I desperately want to de-centre from all the digital exposure across the week. When in doubt, invent a ritual – I thought about this on the way to the lake tonight. When the daylight drops away, the swim is about seeing the moon, bathing in the moonlight, but also seeing the unseeable. This can’t be done without some mental exercise, some tuning in, some cutting out of noise, some zen of some kind. It comes to me through music, of a kind – I love John Cage’s music for prepared piano. He found the links between his music, poetry, visual art, film and other media. He composed the infamous 4’33” in the 1950s, a piece in which the musicians are requested not to play their instruments. Rather, the audience becomes very mindful of the sounds around them and within their bodies. I once saw it performed, and it works, creating a mindful pause and opportunity to dig into yourself, if only briefly. Mindfulness is all the thing now, usually without John Cage. Cage sought the silence of a mind at peace with itself, and found it in zen buddhism.

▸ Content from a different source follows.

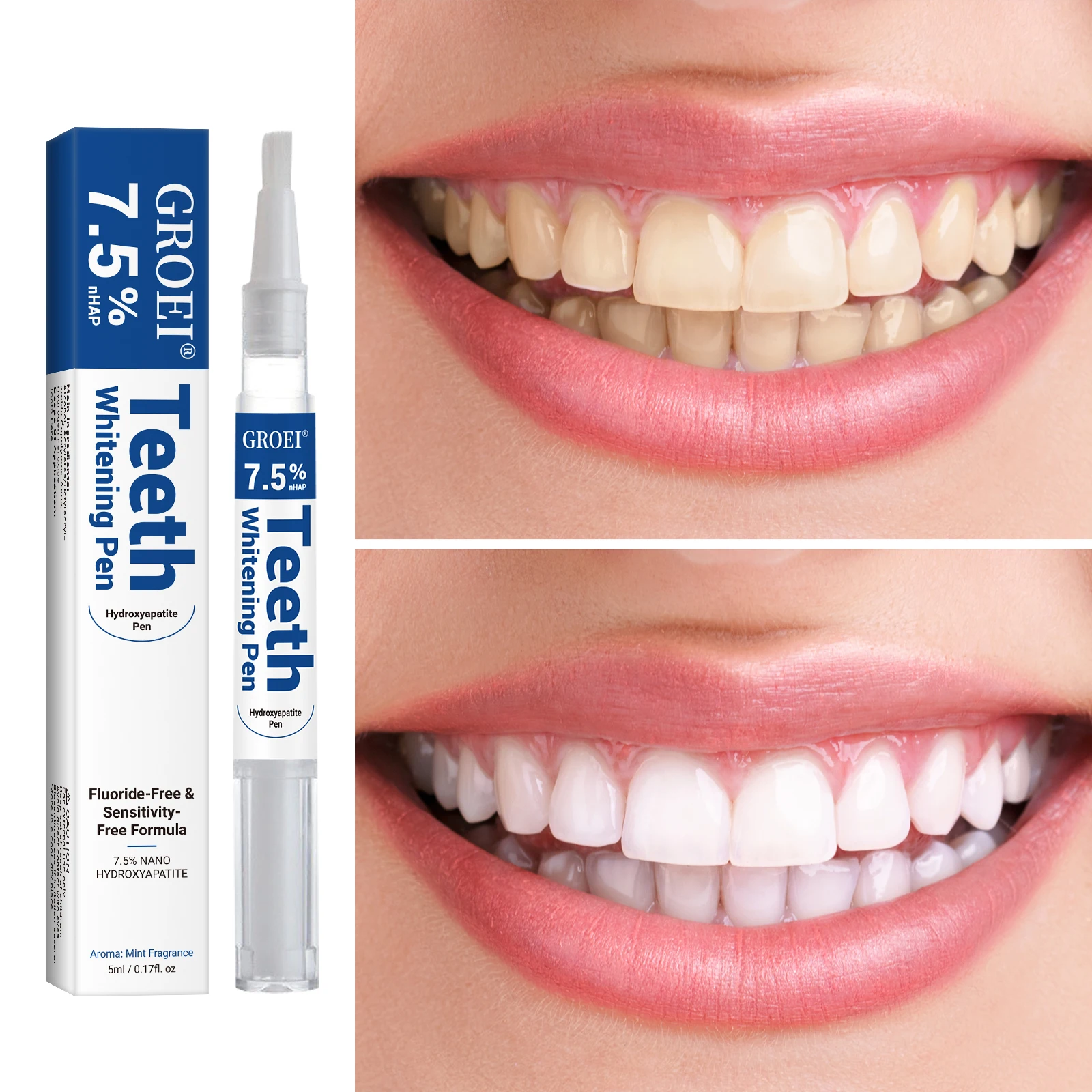 Caneta branqueadora de dente h - Teeth Whitening Price avaliação e preço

John Cage will be my zen master tonight – I will get in the water and swim in silence for precisely 4 minutes and 33 seconds, in homage to Cage’s 4:33, but also to tune into the sounds around and within me. The shape I choose to swim is a zen circle – drawing the zen circle represents a moment when the mind is free to let the body and spirit create. My circle is hugely imperfect, and is done in less than Cage-music time. I am not sure what I have created beyond a moment in time when I cause the water to move in a slightly different way. But it is freeing of the mind, as everyone else swimming tonight swims into the darkening distance. “I will do better next time” I tell myself. When I was in Japan in 1994 on a Japanese Society for the Promotion of Science Fellowship at the University of Tokyo, I was charged with tutoring two Master’s students. They were very talented and worked very hard but any critique of their work resulted in a bowing of the head and “I will work harder” – frustrating because they were already working hard enough. I loved Japan and I loved swimming there, usually in the University pool, but sometimes outdoors. Japanese swimmers, I remember from the pool, were impressively strong and not shy of working themselves hard. Right now I am patently aware that my mind is in Japan when it should be in zen – how to focus, to un-mind?


John Cage’s poetry comes to mind, and I recite ‘I have nothing to say / and I am saying it / and that is poetry’ mindfully while swimming trying to un-mind. Another – 'There is poetry / as soon as we / realise that we / possess nothing' – while swimming in a line, out into the darkness away from the moon. I reflect on the darkness and think upon moonlight – reflecting the sun and shining up the earth with borrowed light. I hope we get some tonight. Another John Cage poem – ‘Be open to whatever come next’. Caught in a John Cage cage in the lake, waiting for the moonlight. Cage again – 'Things - Art - Same Things from another point of view'. Swimming in a straight line across the lake – thinking of Paik’s 'Zen for Head', a zen line painted straight by Paik in black ink using his neck tie as brush, and his head, dipped in a bucket of ink, as the ink well. Rather than dipping my head in black ink tonight, I prefer to dip my body in lake water. Dipping and swimming in a straight line, I have caught up with Jeremy. We chat and watch the moon shadows of Judy and Kristie, who are swimming ahead. Swimming back, the moon makes a glorious showing, out from the low cloud and into the clear bright night sky. It has all been worth it, as we climb the moon's silver ladder just thrown down for us. Tonight, John Cage and Nam June Paik brought zen to the moonswim; it would have been wonderful however it unfurled, but the moon-show was spectacular. Approaching shore I finally get a short zen moment as I muse that, in the water right now, the very right-now, I possess nothing and have everything.